The eruption of Black Lives Matter protests sparked discussions on social media about how to be a better ally for Black people. These discussions led to further conversations about becoming an ally for all marginalized groups.
Being an ally in real life requires all of us to not make baseless judgments and see people for who they really are. In order to do that, we must recognize that a lot of us have implicit bias.
An implicit bias is an unconscious influence on our perceptions and actions toward a specific group of people, often created by what we see in the media and in our communities.
In order to become a better ally, we must recognize that we have an implicit bias and learn how to rectify it. Here are basic steps to take to fix your bias:
1) Recognize your implicit bias.
First and foremost, recognize if you have an implicit bias. The truth is most people do have an implicit bias because of the stereotypical portrayals we see of people in the news, movies, and TV shows. This is especially true for portrayals of people of color (POC).
For instance, next time you’re watching a show where there are very few people of color, observe how these characters are being portrayed.
Are they acting according to certain stereotypes that are placed on their race? Are they portrayed as caricatures exaggerating specific traits rather than as complex individuals? Implicit bias exists deep within the media, so a good place to start to begin recognizing implicit bias is through those outlets.
Once you recognize these biased portrayals, think about whether you possess any of these yourself. This is not a time to cower from your mistakes. You need to objectively examine your own mind and think back to if you ever unfairly judged a person solely based on their race or ethnicity. Think clearly and carefully.
As kids, we were taught to never judge a book by its cover. Well, it’s time to take that principle and apply it to your own mindset.
2) Educate yourself.
Now that you’ve recognized your implicit bias, take the time to educate yourselves on these different groups. Many streaming services right now have categories for amplifying Black voices, so take the time and watch something about Black families and other POC. Educating yourself via movies and shows can be both entertaining and enlightening.
Through these platforms, you are being given a glance of what life is like for different groups. You are learning about the microaggressions and discrimination people face in their daily life and this often only covers the surface.
In addition to watching something, pick up a book on racial justice or listen to an audiobook.

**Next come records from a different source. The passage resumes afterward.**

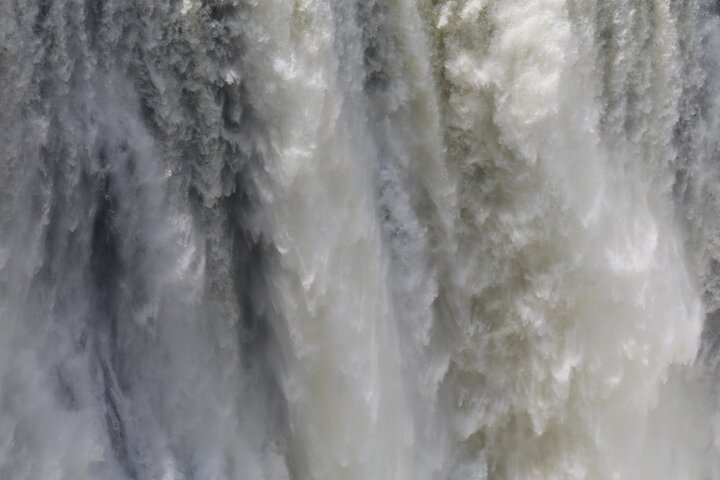 Zimbabwe & Zambia: Guided Tour of the Falls from Both Sides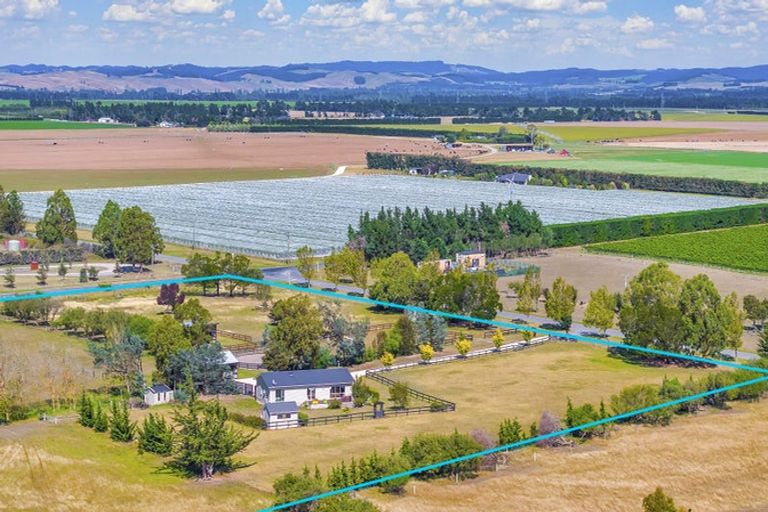 Photo of property in 70 Darnley Road, Glasnevin, Amberley, 7483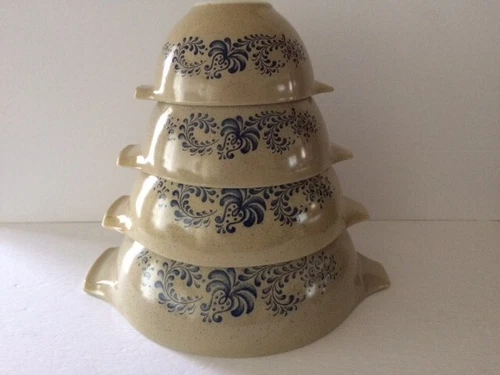 Vintage Pyrex Homestead Cinderella Mixing Bowl Set 441, 442, 443, 444 Tan Blue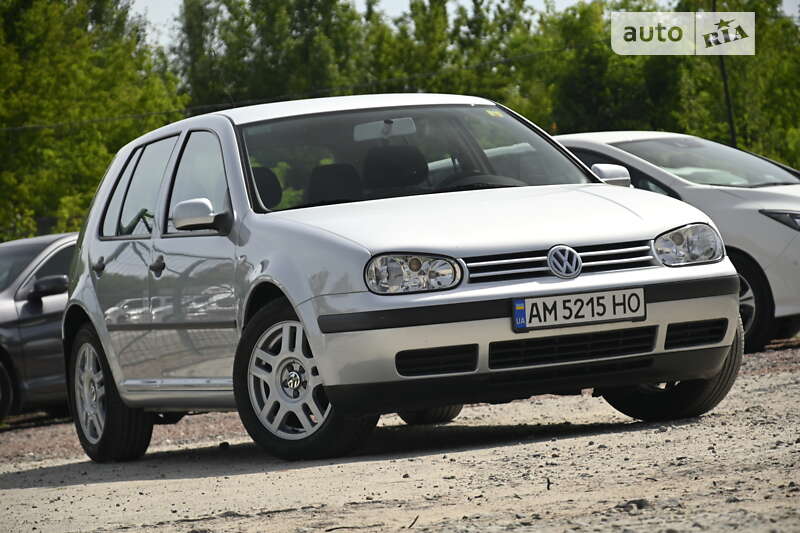 Хетчбек Volkswagen Golf 2001 в Бердичеві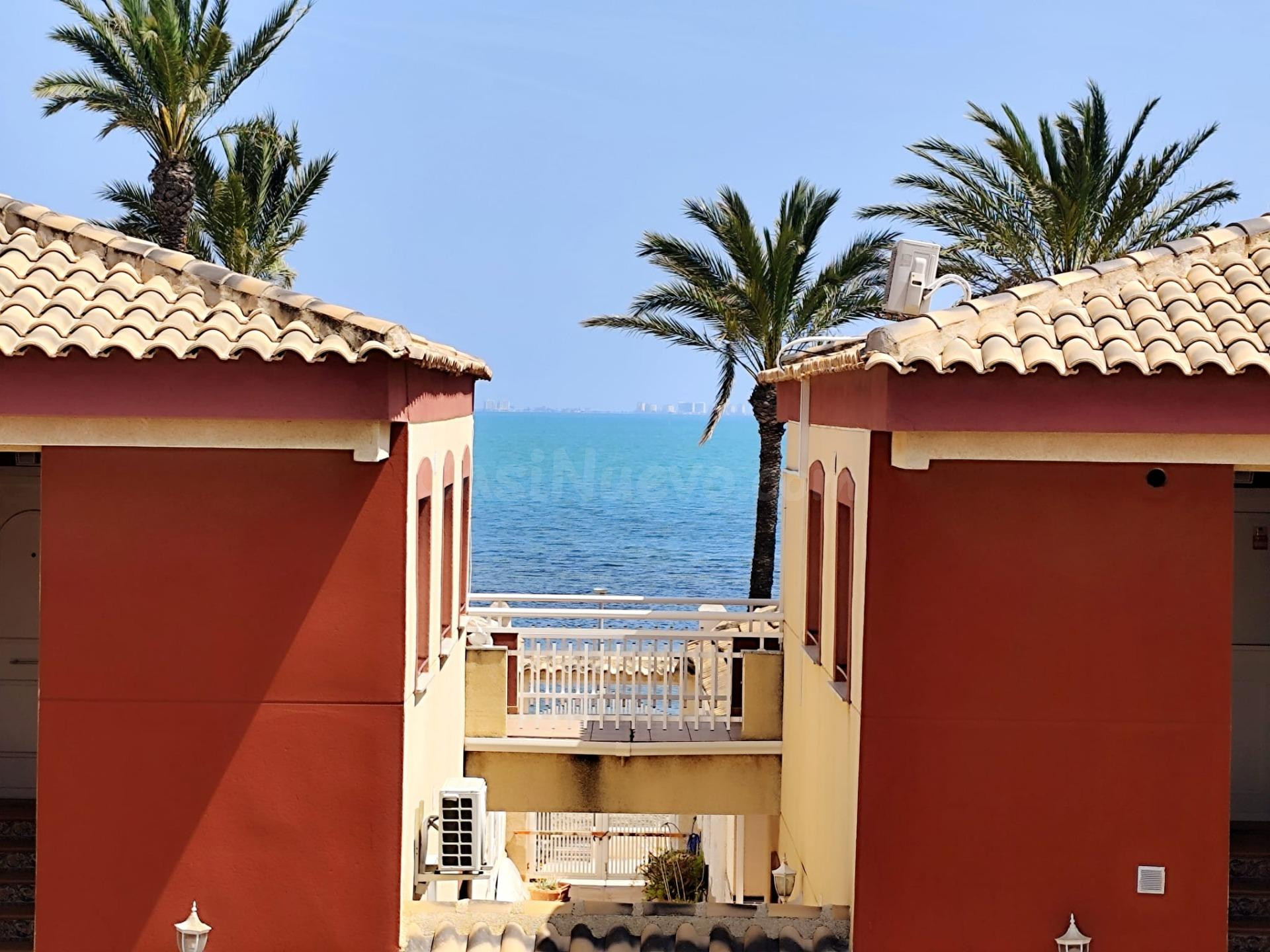 PISO CON GRAN TERRAZA Y VISTAS AL MAR !!! - foto 5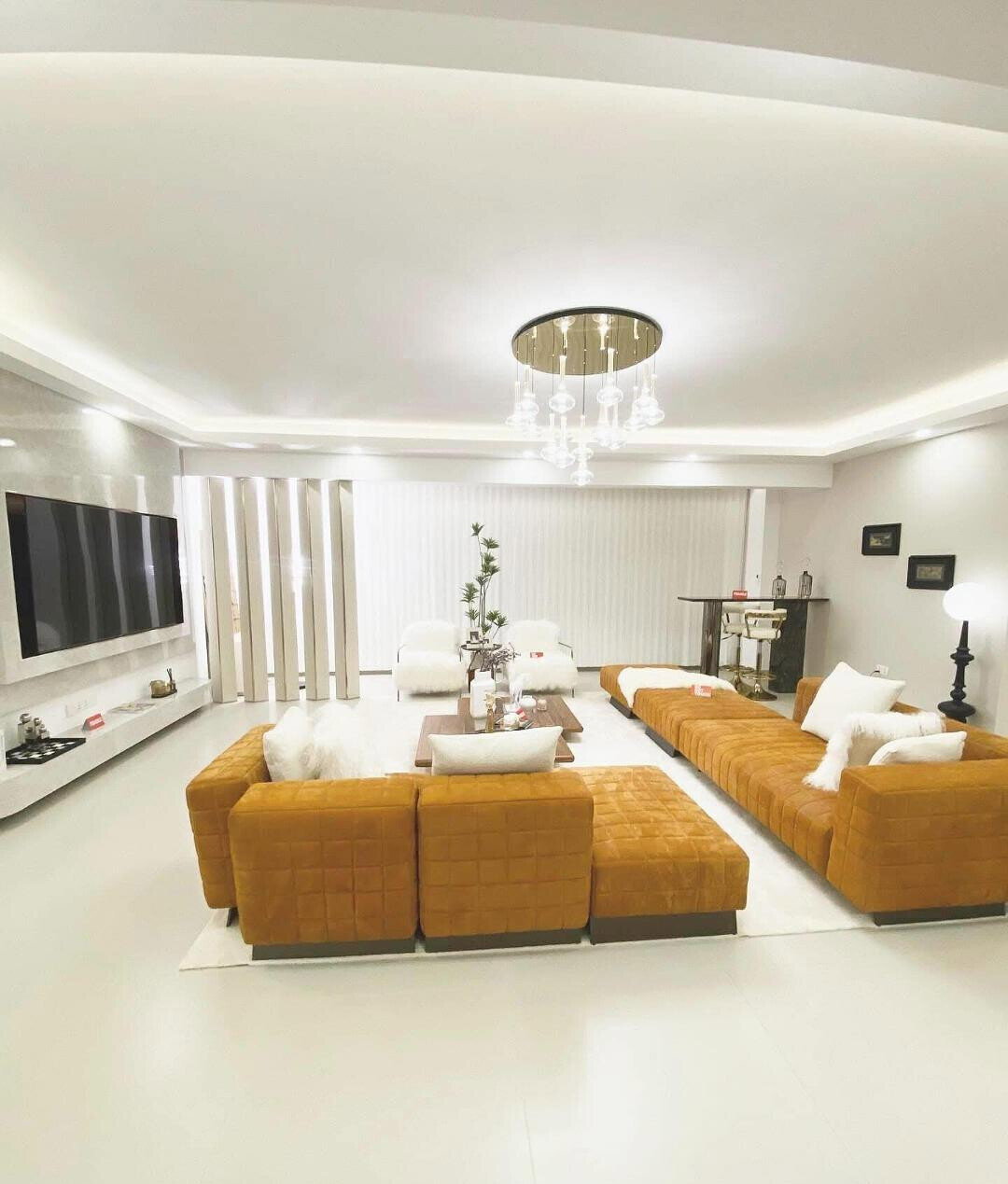 3BR Duplex with DSQ, Pool & Gym - Kilimani
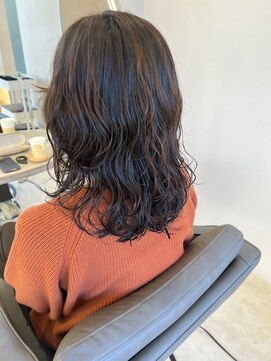 ヨンド(yond) ミディアムレイヤースパイラルパーマ顔まわり前髪群馬太田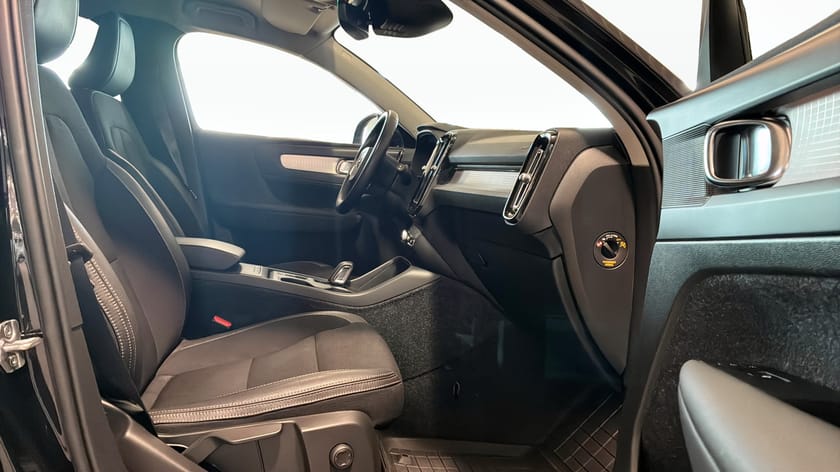Bild 3 av Volvo XC40 T3 Geartronic, 163hk, Momentum, 1 ÅRS GARANTI
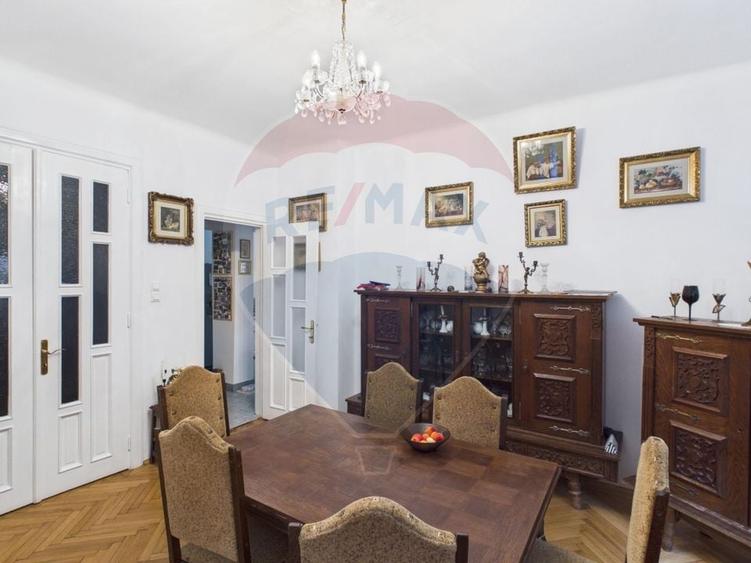Duplex cu 5 camere cu Teren 354 Mp în 13 Septembrie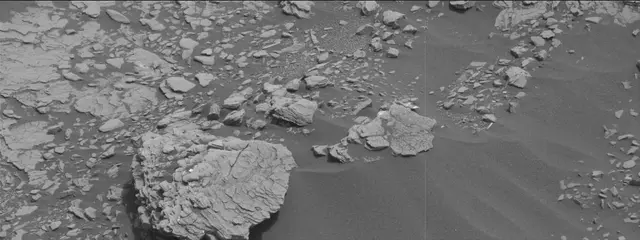 Sol 2833: Mast Camera (Mastcam)
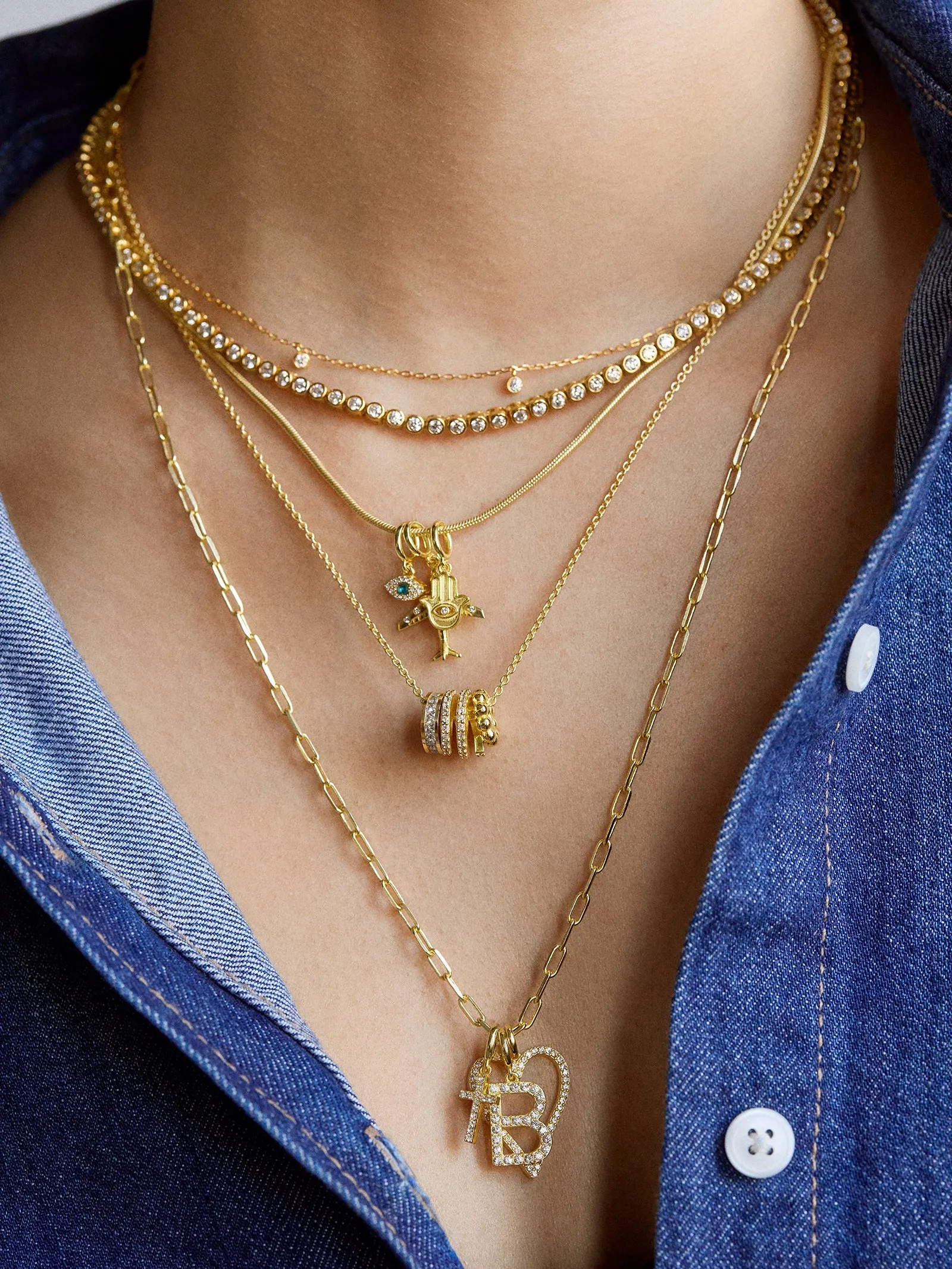 Pavé Initial Cluster Charm - W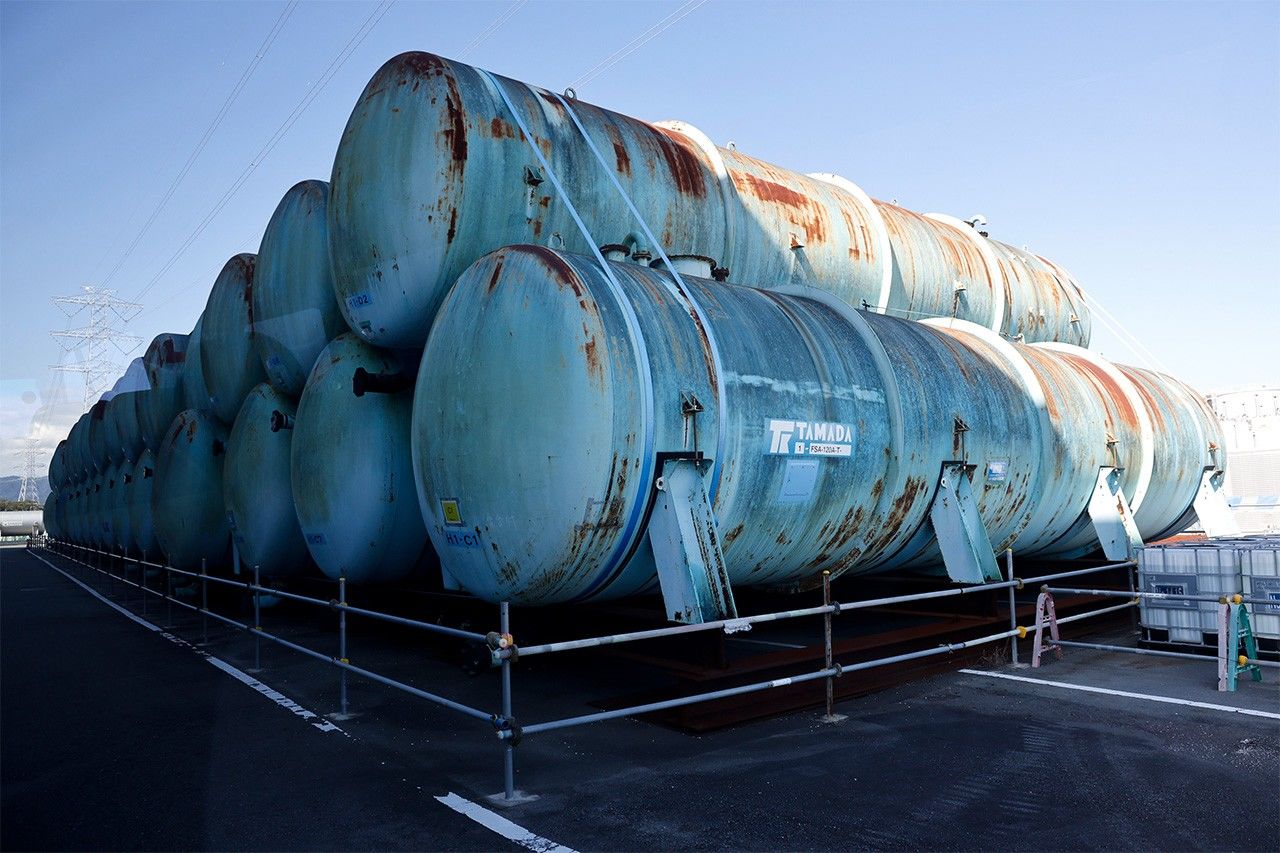 خزانات استُخدمت لتخزين المياه المُعالج مؤقتًا في محطة فوكوشيما دايئيتشي فور وقوع الكارثة. ولم تعد هناك حاجة إليها الآن بعد تركيب خزانات دائمة. (© هاشينو يوكينوري)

Learn from experts on the subject matter and take notes while you read.
By hearing firsthand accounts of racism tied in with facts and statistics about systemic racism, you will learn about the subject probably more than you ever did in school. You can refer to this article which lists a few books you can read to get started.
3) Listen to people around you.
This last step is extremely crucial to overturning your implicit bias. While it’s important to recognize your bias and educate yourself, it’s equally important to listen to those around you, those who have had these experiences you are just starting to learn about.
There are many BIPOC influencers on social media who share resources, personal anecdotes, and suggestions about how to be a better ally. Sure, looking at what celebrities are reading to educate themselves can be helpful, but the best way to learn more about a group of people is to learn directly from them and take in consideration the resources they may provide.
I must emphasize that it is not the job of a BIPOC to teach others about racial discrimination. Some of them do this by choice, not because they have to. It’s important to remember that.
Continue to do your own research, but also make sure you are not discounting BIPOC voices when they speak out. If your friend points out that a comment you made was insensitive, then stop and listen to the reason instead of becoming defensive. This is your time to learn, so be appreciative and attentive.
There are certainly other things you can do to combat your implicit bias, but these are just a few ways to get started on your journey to becoming a better ally. These are not part of a set formula so you may have to revisit a step when you catch your biases emerging again.